* Task objective
Can you quote exactly the stretch of lines from the one with "Fruit Of The" through the final line of the material, both ends included?

--- Supplied data Enclosed Below ---

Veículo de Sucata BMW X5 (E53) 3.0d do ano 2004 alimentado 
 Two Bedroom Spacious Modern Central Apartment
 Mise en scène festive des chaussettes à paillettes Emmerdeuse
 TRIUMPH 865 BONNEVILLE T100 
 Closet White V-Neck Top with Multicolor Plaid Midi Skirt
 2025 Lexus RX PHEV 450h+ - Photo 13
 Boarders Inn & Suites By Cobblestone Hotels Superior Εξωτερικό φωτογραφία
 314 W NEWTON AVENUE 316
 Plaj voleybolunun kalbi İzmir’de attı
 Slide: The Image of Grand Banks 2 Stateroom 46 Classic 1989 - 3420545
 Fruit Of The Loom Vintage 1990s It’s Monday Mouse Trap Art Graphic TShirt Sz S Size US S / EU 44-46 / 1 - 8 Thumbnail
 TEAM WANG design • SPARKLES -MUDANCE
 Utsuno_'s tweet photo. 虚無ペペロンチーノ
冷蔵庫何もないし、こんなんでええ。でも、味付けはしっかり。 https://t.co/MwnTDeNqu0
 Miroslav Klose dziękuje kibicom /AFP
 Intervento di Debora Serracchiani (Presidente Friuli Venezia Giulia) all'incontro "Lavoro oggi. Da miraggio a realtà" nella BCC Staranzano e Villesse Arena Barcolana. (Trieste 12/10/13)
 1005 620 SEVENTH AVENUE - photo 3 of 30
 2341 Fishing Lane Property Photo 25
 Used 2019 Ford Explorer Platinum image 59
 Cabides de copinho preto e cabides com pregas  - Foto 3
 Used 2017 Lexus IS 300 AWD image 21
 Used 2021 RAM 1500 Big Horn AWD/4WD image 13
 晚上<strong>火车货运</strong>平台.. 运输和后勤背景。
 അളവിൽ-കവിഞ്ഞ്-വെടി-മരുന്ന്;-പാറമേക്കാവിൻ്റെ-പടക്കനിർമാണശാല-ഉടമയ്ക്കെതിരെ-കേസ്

--- End of Enclosed Supplied data ---

* Task response
 Fruit Of The Loom Vintage 1990s It’s Monday Mouse Trap Art Graphic TShirt Sz S Size US S / EU 44-46 / 1 - 8 Thumbnail
 TEAM WANG design • SPARKLES -MUDANCE
 Utsuno_'s tweet photo. 虚無ペペロンチーノ
冷蔵庫何もないし、こんなんでええ。でも、味付けはしっかり。 https://t.co/MwnTDeNqu0
 Miroslav Klose dziękuje kibicom /AFP
 Intervento di Debora Serracchiani (Presidente Friuli Venezia Giulia) all'incontro "Lavoro oggi. Da miraggio a realtà" nella BCC Staranzano e Villesse Arena Barcolana. (Trieste 12/10/13)
 1005 620 SEVENTH AVENUE - photo 3 of 30
 2341 Fishing Lane Property Photo 25
 Used 2019 Ford Explorer Platinum image 59
 Cabides de copinho preto e cabides com pregas  - Foto 3
 Used 2017 Lexus IS 300 AWD image 21
 Used 2021 RAM 1500 Big Horn AWD/4WD image 13
 晚上<strong>火车货运</strong>平台.. 运输和后勤背景。
 അളവിൽ-കവിഞ്ഞ്-വെടി-മരുന്ന്;-പാറമേക്കാവിൻ്റെ-പടക്കനിർമാണശാല-ഉടമയ്ക്കെതിരെ-കേസ്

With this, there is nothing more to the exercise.